In the records below, find the line containing "General XP 1000" and the line containing "Petersburg, Russia - May". Give again exactly those lines and every line between them, omitting the pictures.

*** Opening of Stored data ***

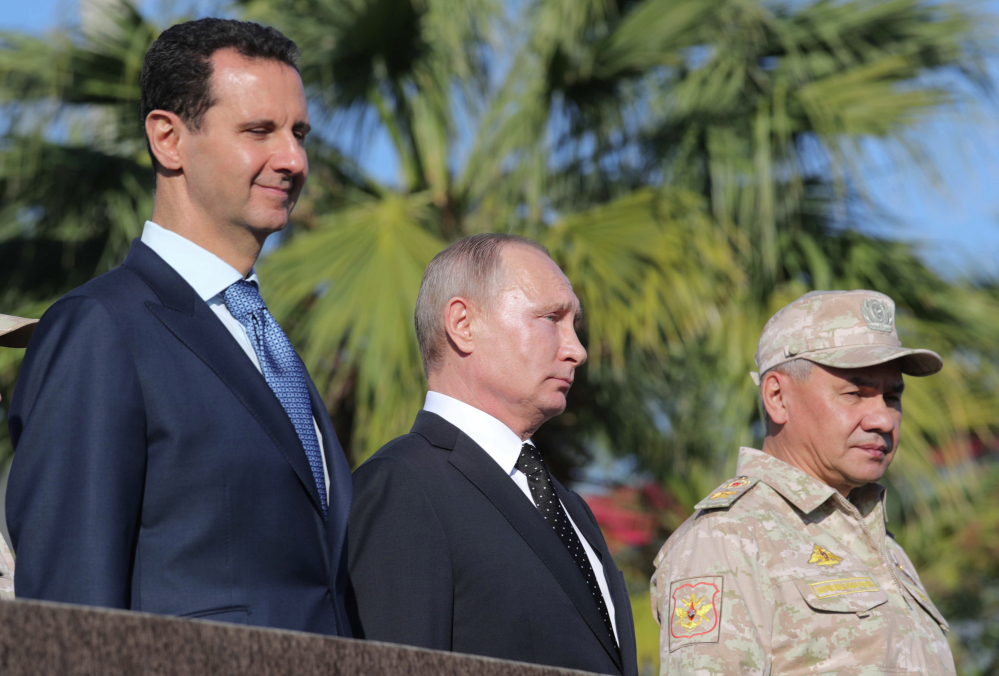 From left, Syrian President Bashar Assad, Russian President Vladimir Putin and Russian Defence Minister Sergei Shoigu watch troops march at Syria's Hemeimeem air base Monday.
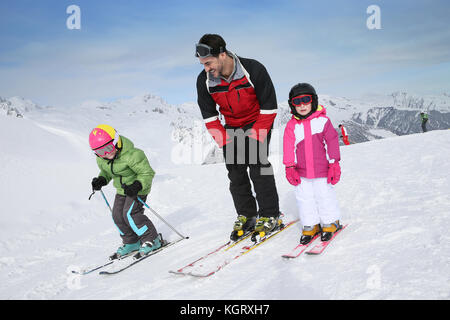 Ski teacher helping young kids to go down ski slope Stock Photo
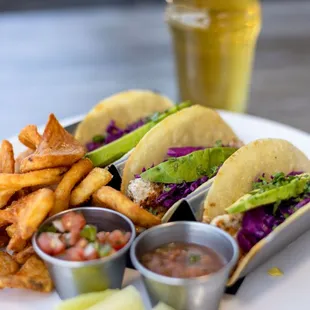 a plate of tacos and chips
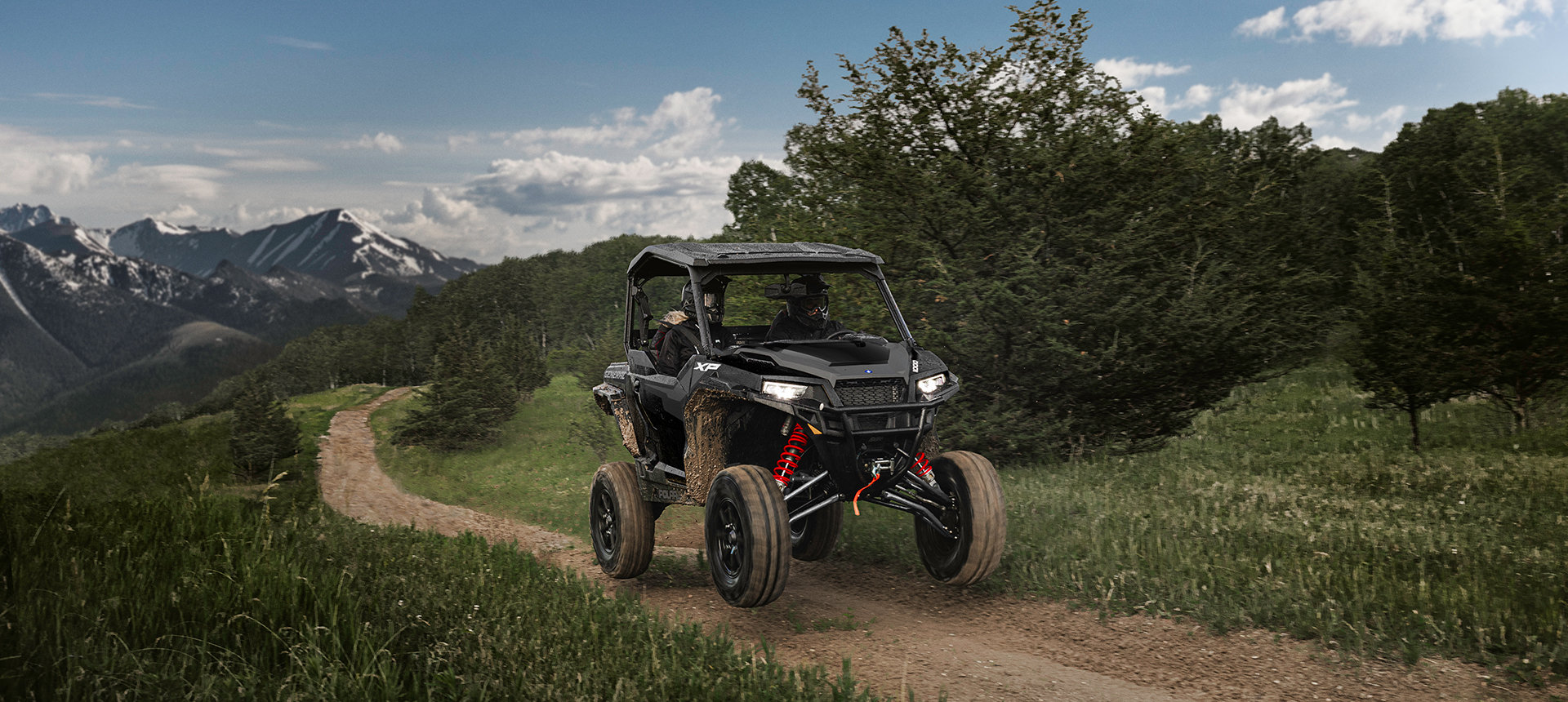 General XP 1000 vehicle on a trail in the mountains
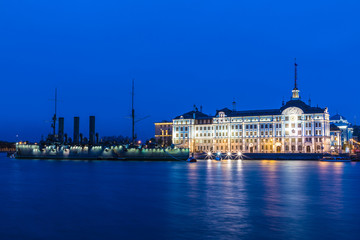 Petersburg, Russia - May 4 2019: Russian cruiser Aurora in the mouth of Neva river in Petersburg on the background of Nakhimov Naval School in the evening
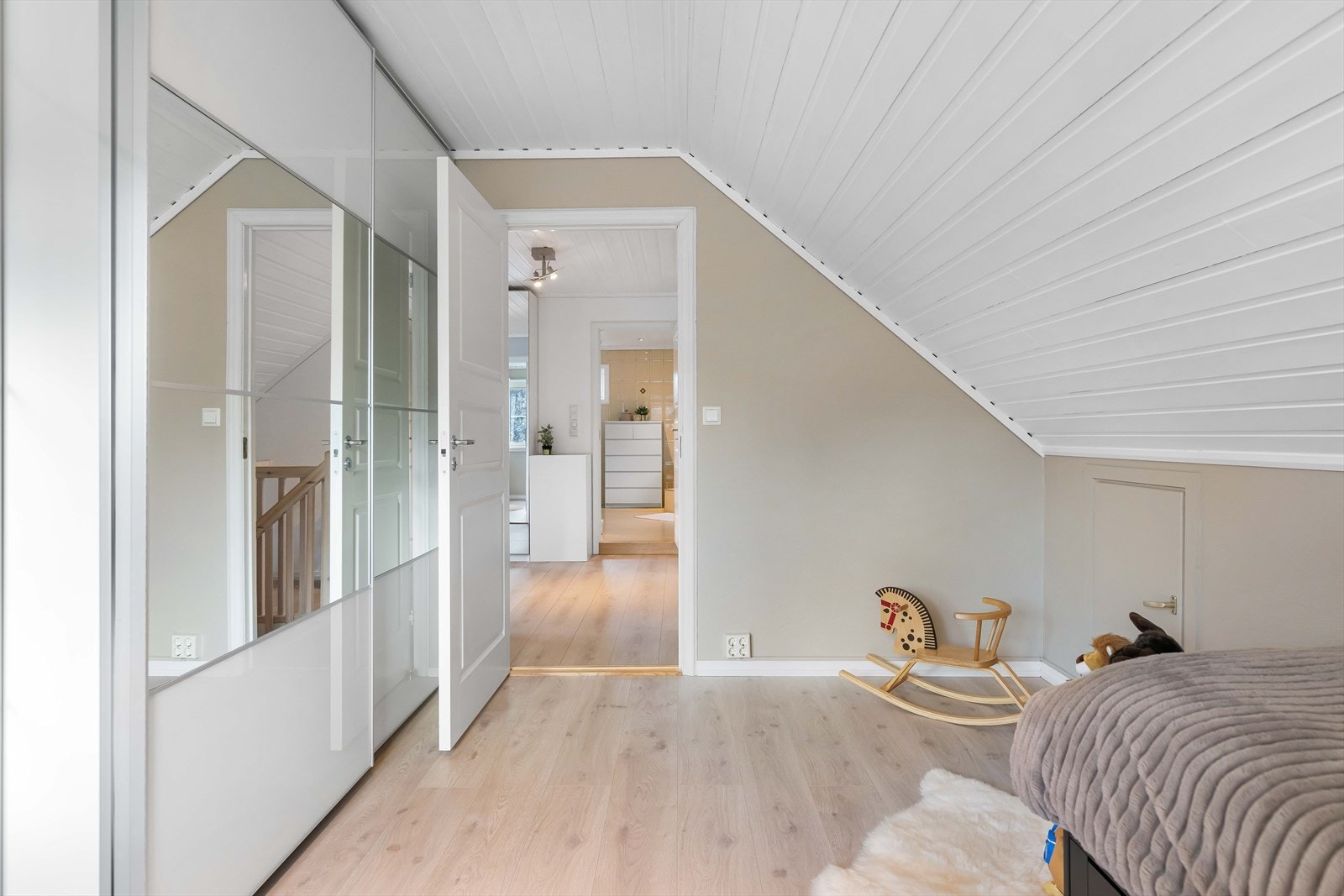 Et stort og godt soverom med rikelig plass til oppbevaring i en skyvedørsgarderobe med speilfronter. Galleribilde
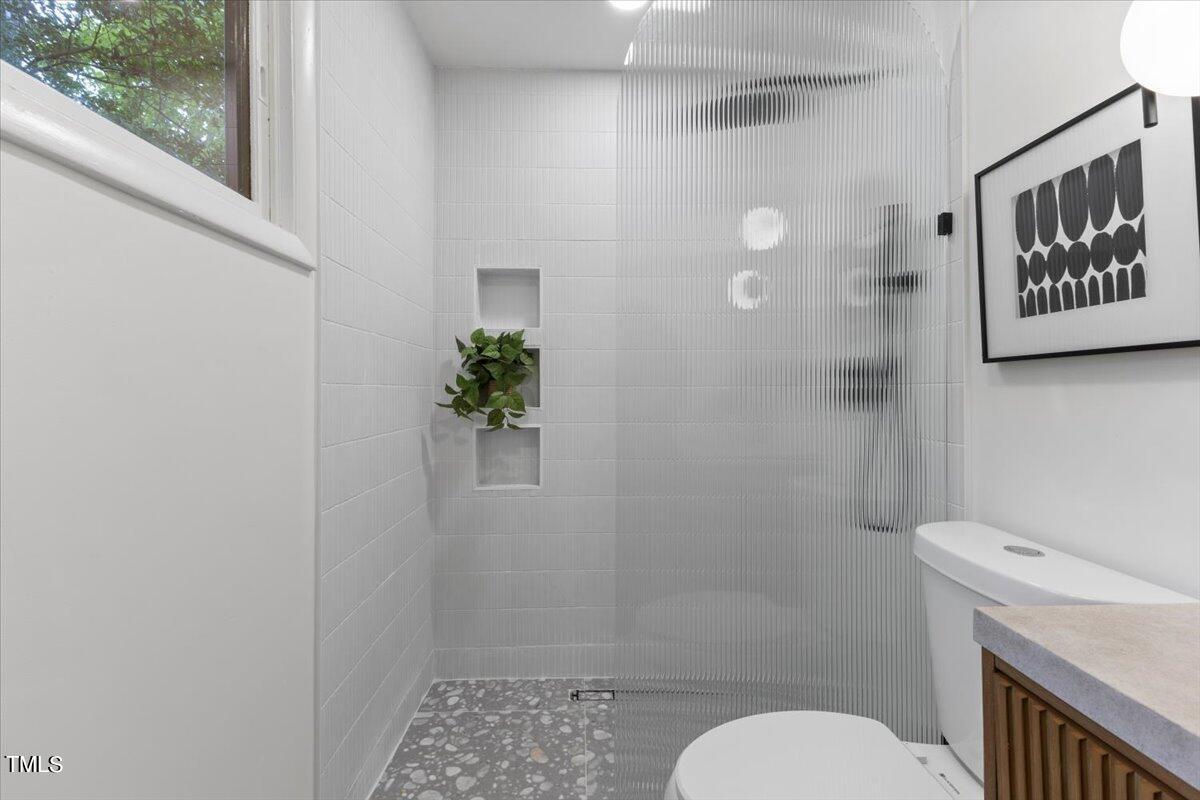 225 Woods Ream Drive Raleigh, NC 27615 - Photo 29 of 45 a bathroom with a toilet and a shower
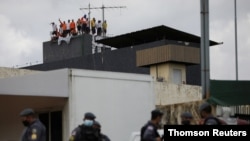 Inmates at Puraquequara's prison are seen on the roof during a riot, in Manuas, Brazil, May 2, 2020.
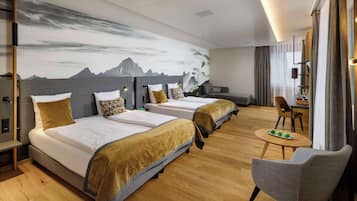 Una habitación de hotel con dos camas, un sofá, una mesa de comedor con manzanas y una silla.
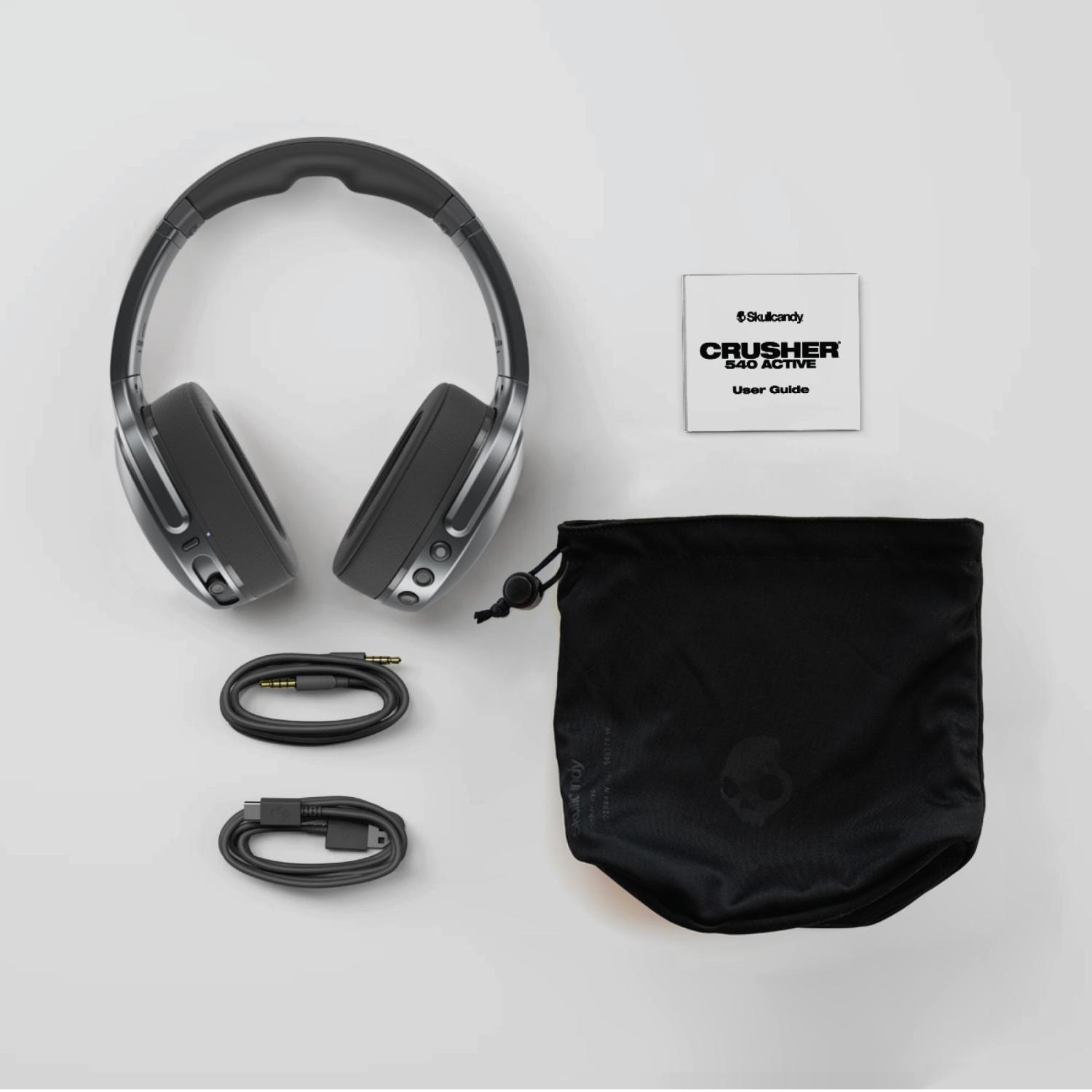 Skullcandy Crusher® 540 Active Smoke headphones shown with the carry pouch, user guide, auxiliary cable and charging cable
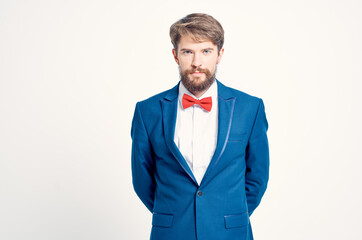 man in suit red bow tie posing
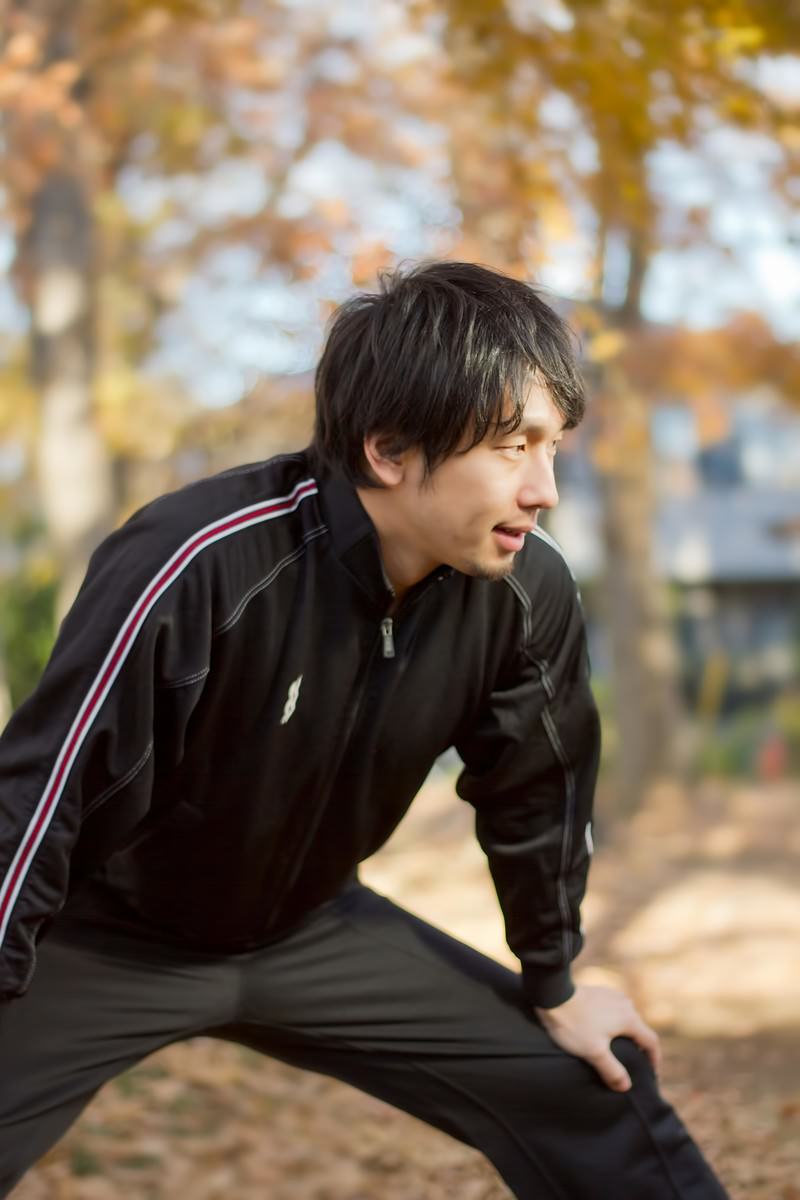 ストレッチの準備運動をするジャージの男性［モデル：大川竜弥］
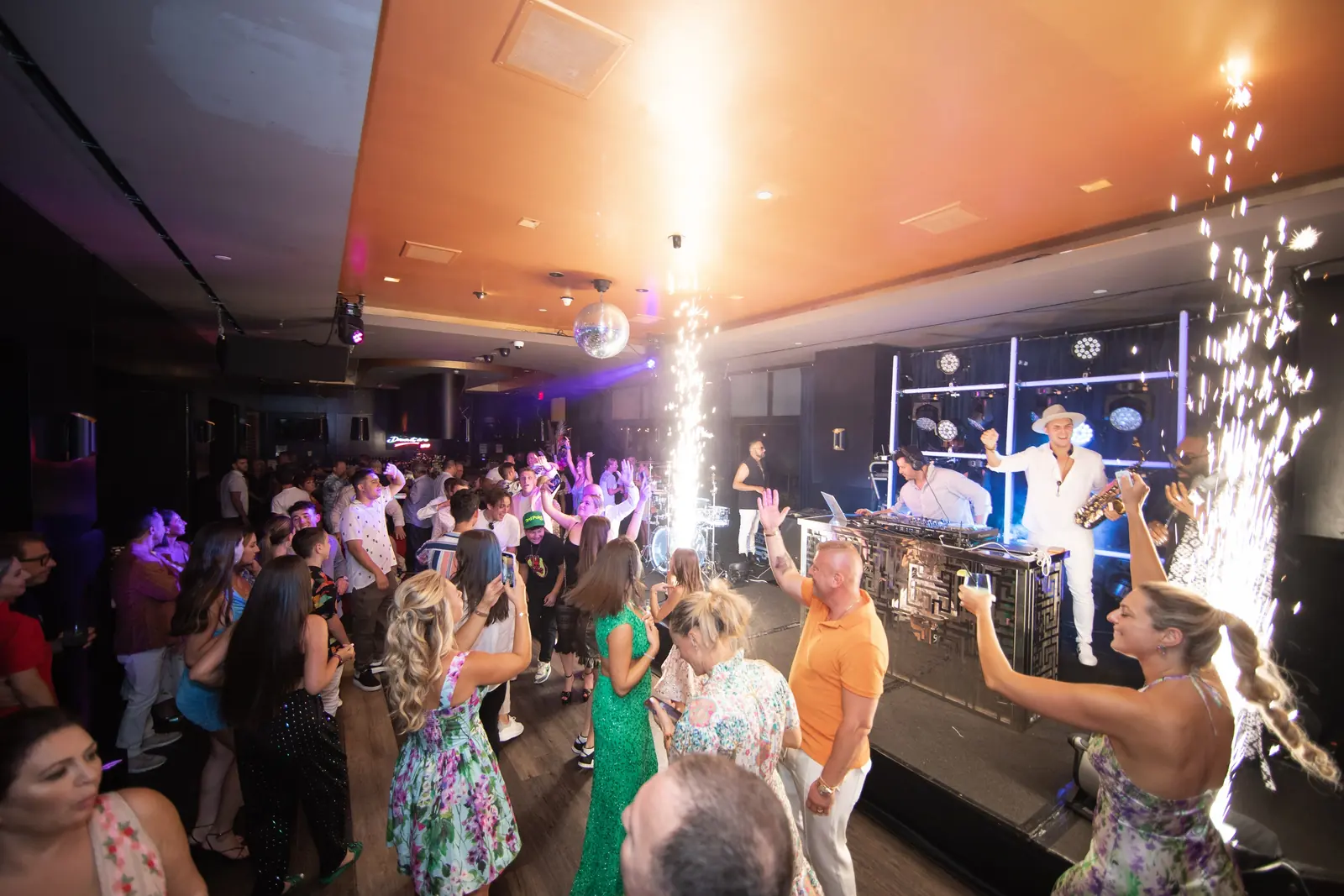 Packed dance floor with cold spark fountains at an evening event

*** Close of Stored data ***

Expected output —
 General XP 1000 vehicle on a trail in the mountains
 Petersburg, Russia - May 4 2019: Russian cruiser Aurora in the mouth of Neva river in Petersburg on the background of Nakhimov Naval School in the evening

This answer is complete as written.